Justin Thomas grabbed the Wanamaker Trophy for a second time in five years.
Orlando Ramirez/USA Today
TULSA, Okla.—The 104th PGA Championship can be summed up in five words: Justin Thomas, just in time.
After Thomas somehow won his second PGA Championship, besting Will Zalatoris in a playoff, his visage holding the Wanamaker Trophy was already displayed on the big electronic scoreboard by the 18th green as the awards ceremony concluded there. PGA of America president Jim Richerson, in blue blazer and tie, squinted in the golden evening sunlight, flashed a big smile and shook his head.
“I don’t know if I’ll ever see something like this again,” Richerson said. “Even Justin, after he was off the microphone over there, said, ‘Seven back?’ He still couldn’t believe it. And, he’s the son of a PGA of America professional and the grandson of a PGA of America professional. We had a pretty good finish last year but this? This is unbelievable.”
At no point during most of the weekend did it appear the Wanamaker would be going home with Thomas for a second time in five years. With Chile’s surprising Mito Pereira? Maybe. Gritty Will Zalatoris? Possibly. Impressive Cameron Young or game Matt Fitzpatrick? Wouldn’t be surprised.
But Thomas? Surely not. He played the round of the week in high winds Friday morning, posting a 67, but then coughed up five bogeys in mild conditions during Saturday’s third round and faded out of the picture, putting himself seven strokes behind the unheralded Pereira and five shots out of second place.
Even Sunday didn’t look to be Thomas’ time. Especially when he bogeyed the par-3 6th hole for a second straight day and was losing ground. Then, the authentic Justin Thomas showed up. Justin time.
He played the last 12 holes in 5 under par but it was better than that. Thomas narrowly missed at least four other putts. He could’ve won this PGA going away. But then we wouldn’t have had the drama, the spectacle, the nerve-busting tension, the agony and the ecstasy and all that other stuff that sells Hollywood scripts.

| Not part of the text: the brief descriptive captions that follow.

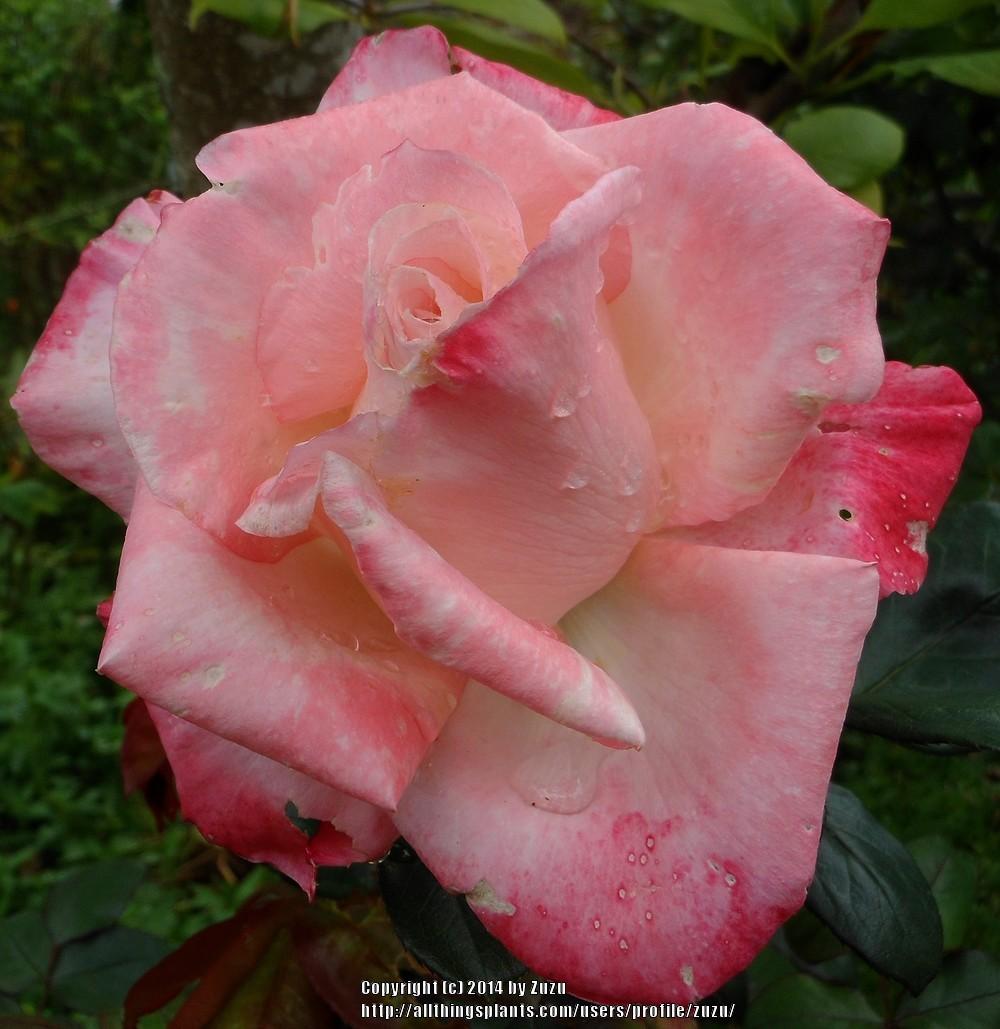 Photo of Rose (Rosa 'Gemini') uploaded by zuzu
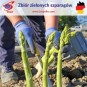 Zbiór zielonych szparagów - Niemcy Zbiór zielonych szparagów - Niemcy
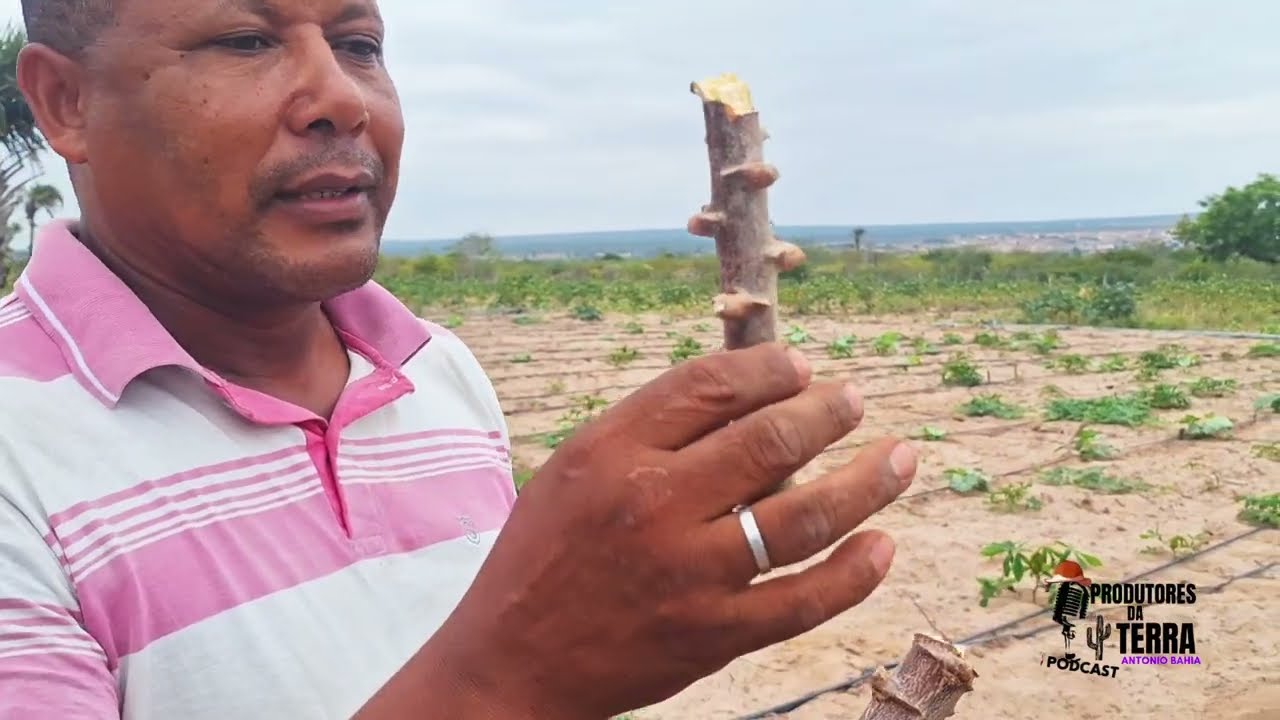 Como Planta Mandioca em Solo Arenoso dicas  de uma boa Produção da Cultura 🤠🌵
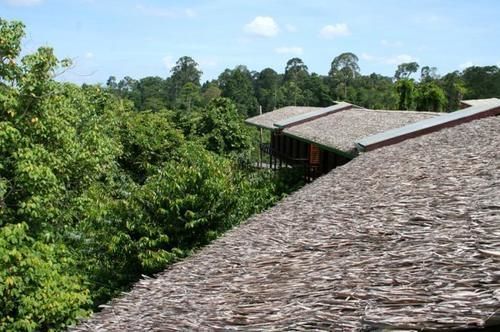 Paganakan Dii Tropical Retreat Sepilok Exterior foto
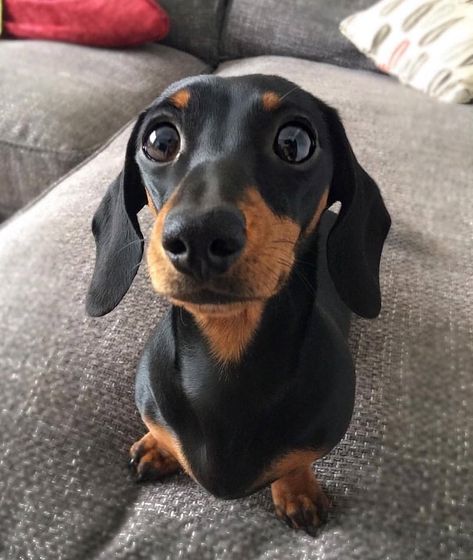 puppy and dog world (@puppy.addiction) • Instagram photos and videos Dachshund Cute, Tan Dachshund, Dachshund Breed, Black And Tan Dachshund, Black Dachshund, Clever Dog, Weiner Dogs, Dachshund Mom, Most Popular Dog Breeds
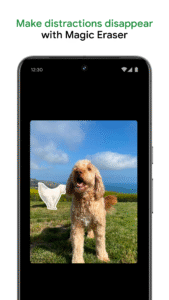 Google Photos 7.9.0.702546637 screenshot 3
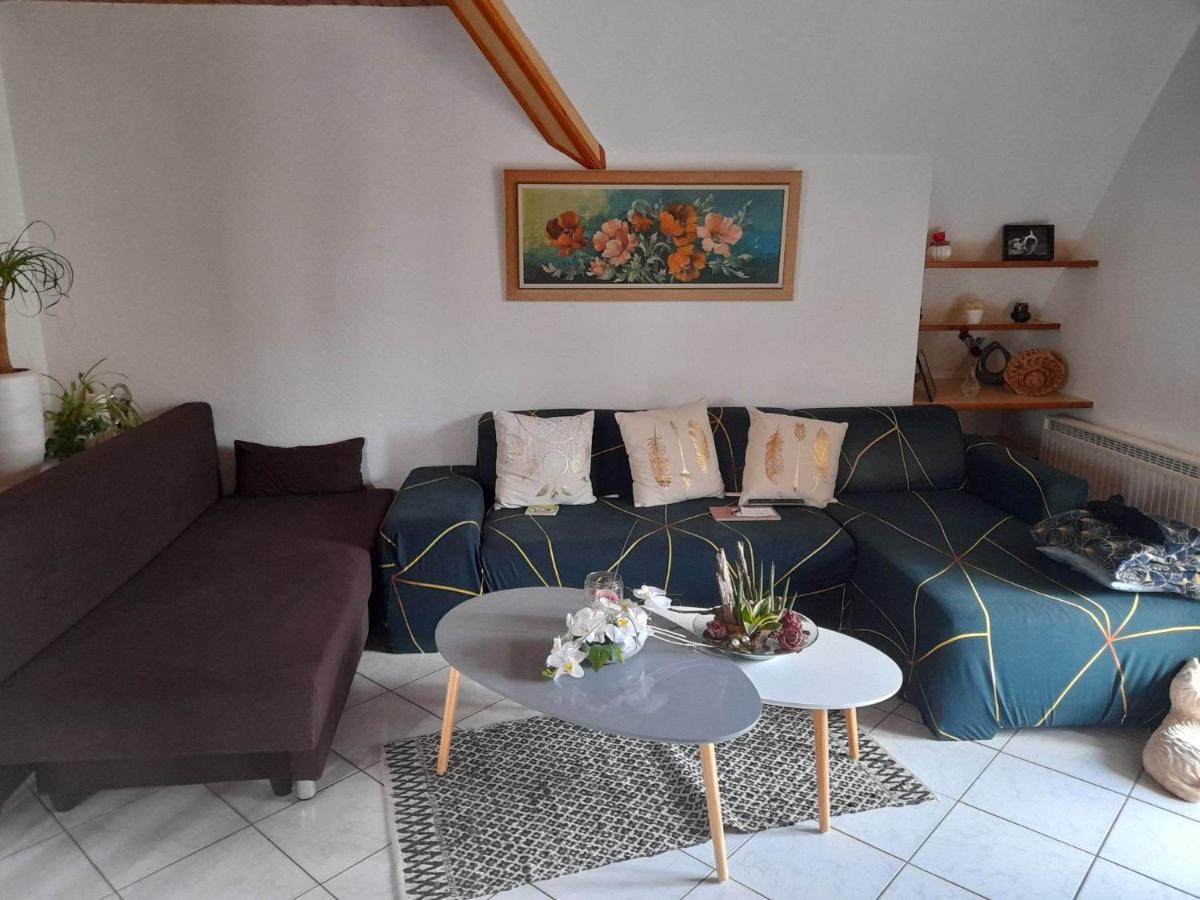 מוציג Gite Le Jardin De Hermolsheim. Alsace Tres Spacieux מראה חיצוני תמונה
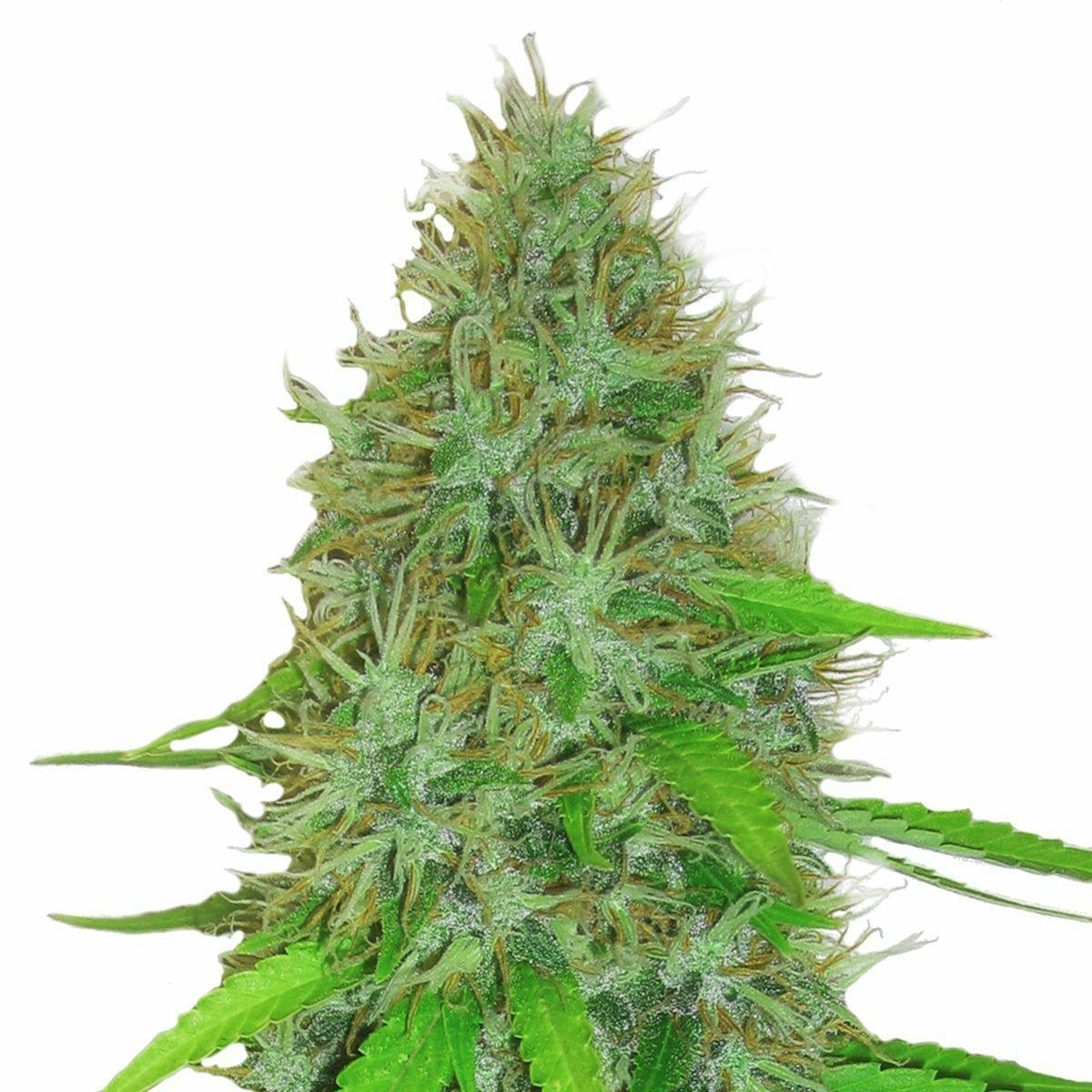 Heavyweight Seeds - 2 FAST 2 VAST - 1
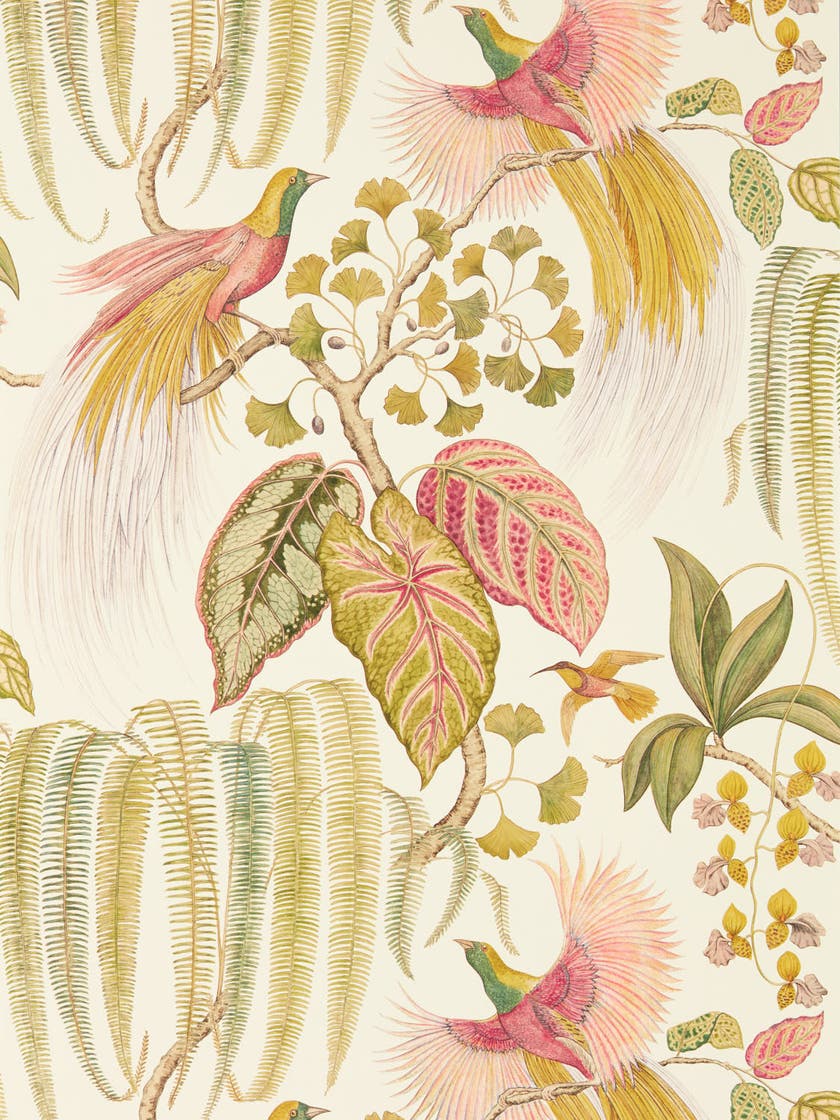 Sanderson - Bird Of Paradise Olive Glasshouse Wallpapers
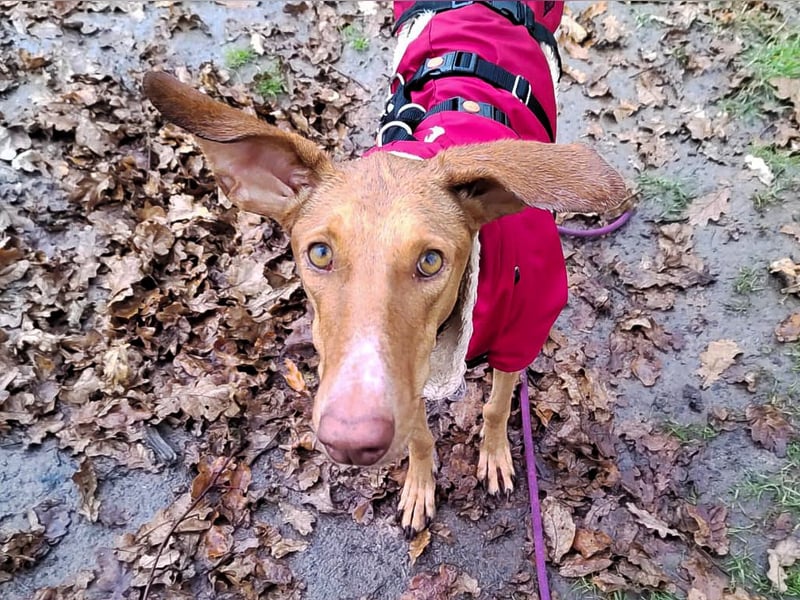 Fely sucht ihre Menschen und lebt auf Pflegestelle in Deutschland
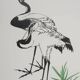 Mokuchu URUSHIBARA : Estampe japonaise, Les hérons (blanc), Gravure sur bois signée
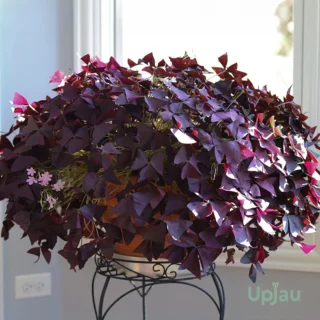Oxalis Triangularis Purple Shamrock Bulbs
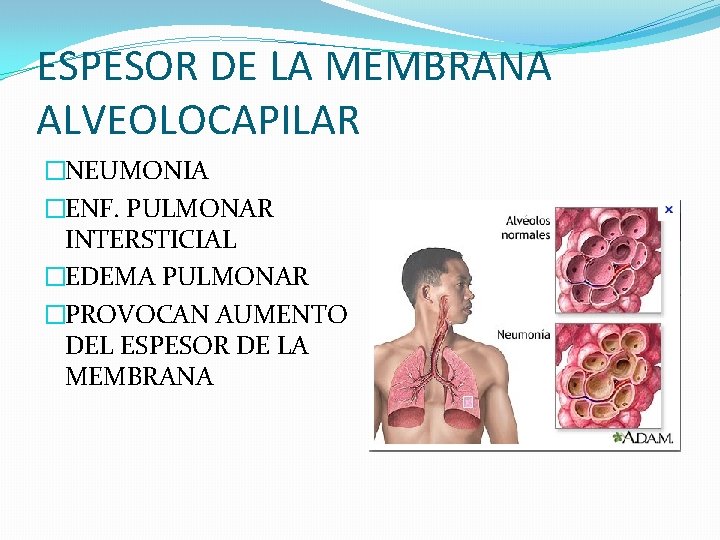 ESPESOR DE LA MEMBRANA ALVEOLOCAPILAR �NEUMONIA �ENF. PULMONAR INTERSTICIAL �EDEMA PULMONAR �PROVOCAN AUMENTO DEL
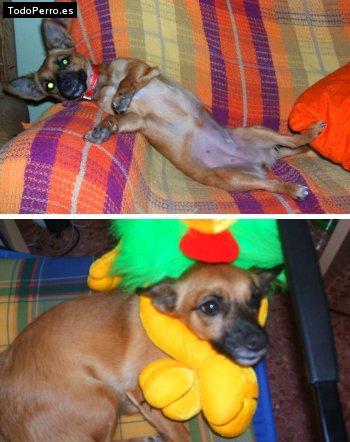 Foto del perro Nala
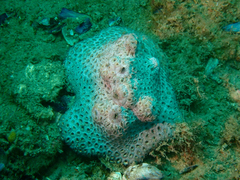 Plesiastrea versipora
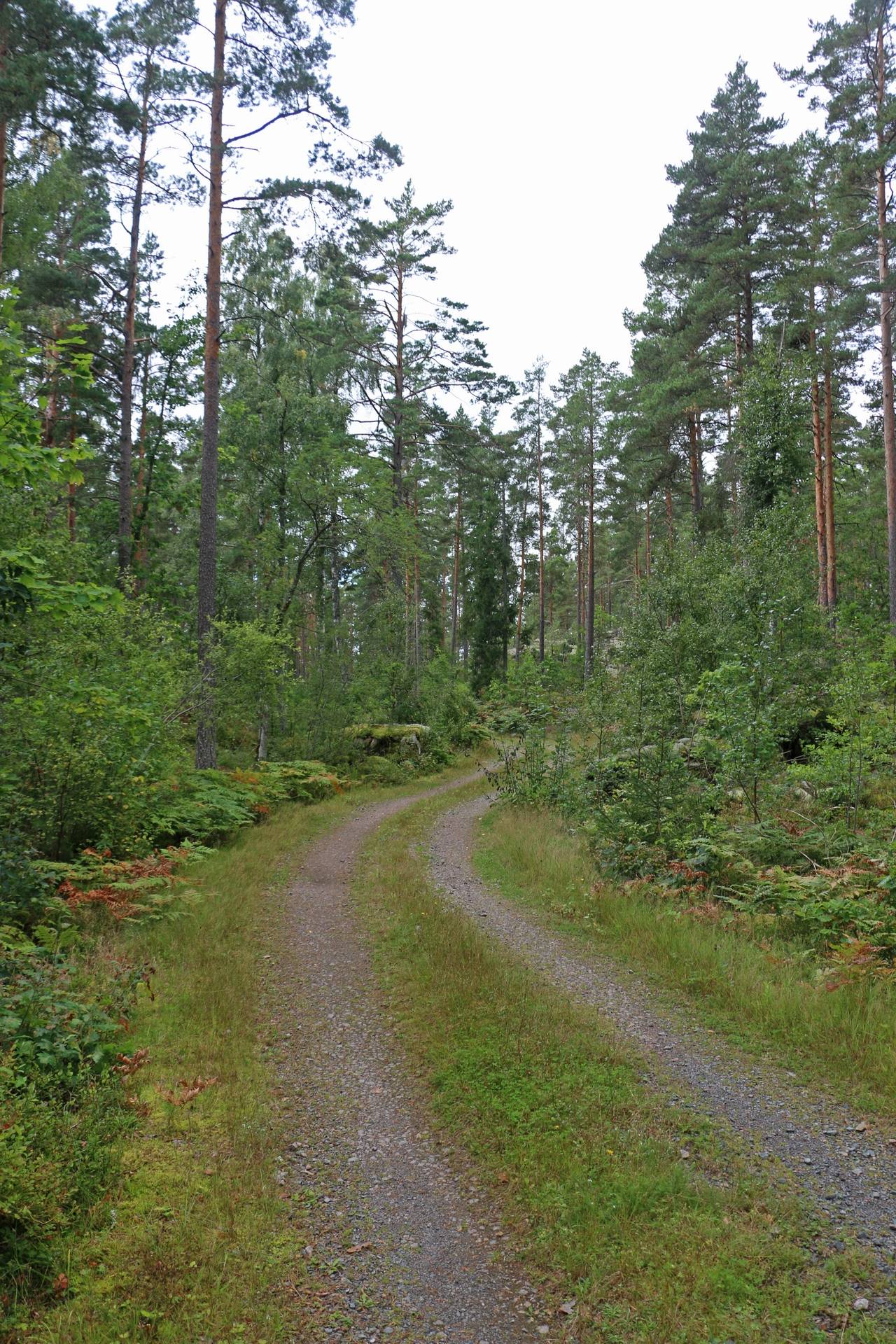 Gård/skog på Fliseryds-Boda Skog AB Mönsterås kommun - bild 9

The PGA Championship didn’t just get the champion it deserved, it got the champion who deserved it the most. Thomas hit more clutch shots than anyone else, and went birdie-birdie on the first two holes of the playoff to put Zalatoris on his heels. Then at the 18th hole for a second time Sunday, he hit a superb approach shot exactly where he needed to.
In regulation, Thomas flagged it and had a 10-footer for birdie from just past the hole. He thought he had to sink it because he was one stroke behind Pereira and was upset when he didn’t. In the playoff, Zalatoris left his approach on the 18th green’s lower level so Thomas was sure par was going to be good enough. His 9-iron shot to the middle of the green was pin-high. He lagged the birdie putt to within inches, ironically hitting the Zalatoris’ marker that he’d moved at Thomas’ request, then tapped in for a victory that was unlikely a few hours earlier but by now was inevitable.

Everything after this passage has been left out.